----- Material provided -----
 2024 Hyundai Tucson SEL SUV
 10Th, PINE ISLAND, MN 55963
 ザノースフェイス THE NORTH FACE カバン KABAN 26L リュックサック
-----
-- Required work --
Once you reach the line that contains "10Th, PINE ISLAND, MN 55963", transcribe it and all remaining lines of the listing exactly; skip everything before it.

-- Task answer --
 10Th, PINE ISLAND, MN 55963
 ザノースフェイス THE NORTH FACE カバン KABAN 26L リュックサック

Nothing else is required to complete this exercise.